### Data excerpts
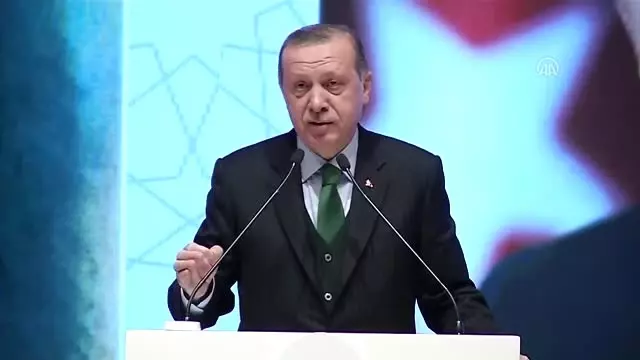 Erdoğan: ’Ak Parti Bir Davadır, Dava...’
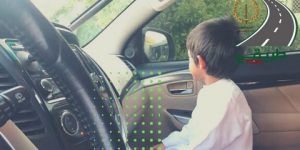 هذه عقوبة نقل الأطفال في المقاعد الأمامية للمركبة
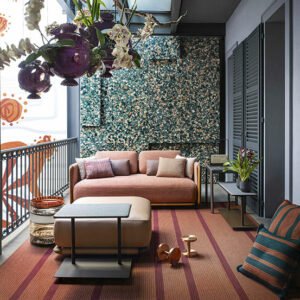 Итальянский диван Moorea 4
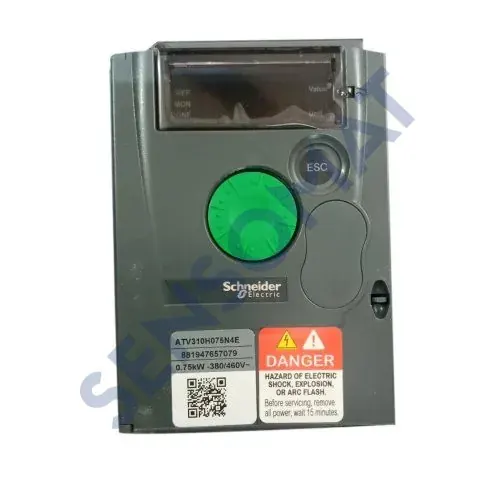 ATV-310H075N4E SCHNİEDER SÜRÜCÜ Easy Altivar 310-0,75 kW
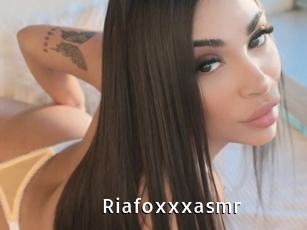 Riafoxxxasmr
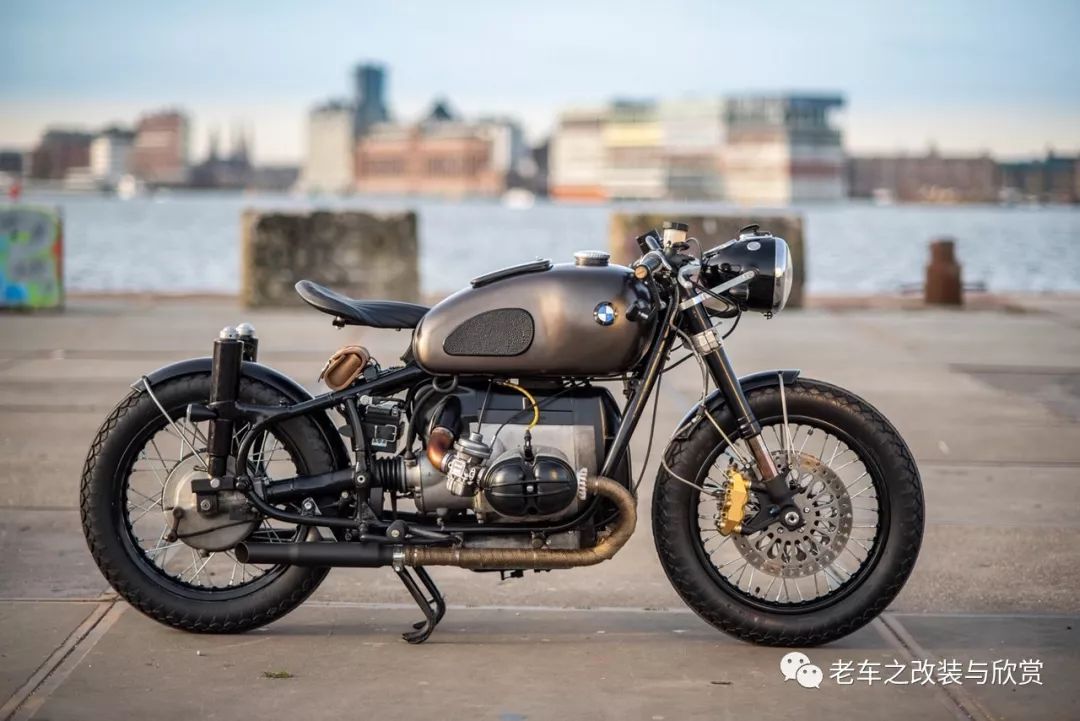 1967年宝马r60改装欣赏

==

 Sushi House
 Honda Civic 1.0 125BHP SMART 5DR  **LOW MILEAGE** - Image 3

### Problem requirements
Write out exactly the lines above between the one with "ATV-310H075N4E SCHNİEDER SÜRÜCÜ" and the one with "1967年宝马r60改装欣赏", inclusive, with pictures left out.

### Response
 ATV-310H075N4E SCHNİEDER SÜRÜCÜ Easy Altivar 310-0,75 kW
 Riafoxxxasmr
 1967年宝马r60改装欣赏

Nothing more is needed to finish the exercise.